Ada rasa kekhawatiran dan rasa bersalah di matanya saat memandangku. Mengapa ia menatapku seperti itu?
"Ruth.." Suaraku terdengar parau dan mengerikan. "Apa yang terjadi denganku?"
Ruth nampak tersentak. Wajahnya yang semula menampakan kecemasan berubah pilu. Matanya mulai berkaca-kaca yang kemudian meneteskan air mata dan terisak. Dia bergumam sesuatu yang tidak jelas di telingaku.
"Ruth?" Aku mengangkat tanganku dan berusaha meraihnya. Namun jarak tanganku dengannya tak begitu dekat hingga tak mampu menyentuhnya.
"Maafkan saya.. Maafkan saya.." Ucapnya masih dengan terisak. Kedua tangannya menutupi wajah yang kuyakini berurai air mata.
Aku kembali meringis saat kakiku terguncang diatas pangkuannya. Rasa sakit itu masih mengikat tubuhku seolah permanen. Ruth yang menyadari itu segera berhenti terisak dan menurunkan tangannya dari wajahnya.
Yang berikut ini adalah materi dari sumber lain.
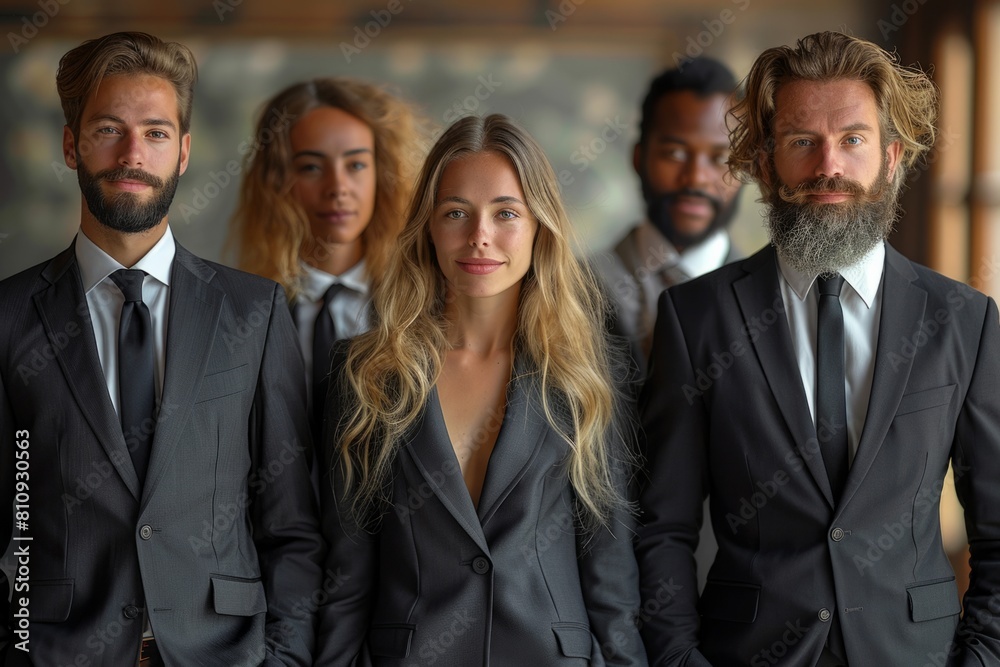 A group of business people in formal wear standing together in suits and ties A group of business people in formal wear standing together in suits and ties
Dengan hati-hati dan perlahan ia menurunkan kakiku dari pangkuannya. Aku berusaha menahan rintihanku saat ia menggerakan kakiku. Dan aku menyadari bahwa aku nyaris telanjang dihadapan perempuan ini. Hanya celana dalam yang masih melekat ditubuhku.
Ruth tak merasakan risih sama sekali. Perempuan itu nampak lebih mementingkan keadaan fisikku daripada keadaan penampilanku. Setelah berhasil menurunkan kakiku dari pangkuannya Ruth beringsut turun dari ranjang. Dia menarik selimut dan menyelimuti sebatas bawah dadaku.
Aku menggerakan tanganku, mengisyaratkannya untuk mendekat. Meraih tangannya saat ia sudah dalam jarak jangkauan tanganku. Menggenggamnya lembut dan mengelusnya perlahan. Ruth membalas kembali genggamanku.
"Apa yang terjadi denganku?" Kuulang pertanyaanku yang belum sempat terjawab.
Ruth nampak ragu meski kemudian menjawab. "Tuan Arka.."
Begitu nama suamiku meluncur di bibirnya tubuhku segera menegang. Kilasan kejadian mengerikan itu muncul dikepalaku dengan sangat jelas. Membuat rasa pening dan sakit yang kurasakan bertambah dua kali lipat.
Kejadian yang kuharap semua itu hanya mimpi buruk. Meski ternyata itu nyata dengan meninggalkan luka yang menyakitkan. Bukan hanya luka pada tubuhku, namun menggoreskan luka juga pada hatiku. Aku merasa telah direndahkan, dilukai, dan dipermalukan oleh suamiku sendiri. Merasa dikecewakan oleh orang yang mulai kucintai.
"Maafkan saya.. maaf. Seharusnya saya memaksa anda menemui tuan Arka. Seharusnya saya.." Ruth kembali terisak.
Bahunya bergetar karena menahan tangisnya. Kedua matanya terpejam menahan air matanya. Ruth menangis karena aku?
Kutarik tangan Ruth hingga ia terhuyung kearahku. Seolah terlatih tangannya yang segera refleks bertumpu pada sisi ranjang menahan dirinya jatuh menimpaku. Namun aku menarik bahunya, membawanya kedalam dekapanku.
"Ssstt.. ini semua bukan salahmu."
Aku memang telah dilukai dan dipermalukan oleh suamiku. Tapi itu karena salahku sendiri yang menghindari pria itu. Bukan karena perempuan ini yang tak mampu memaksaku keluar dari masalah yang akan kubuat.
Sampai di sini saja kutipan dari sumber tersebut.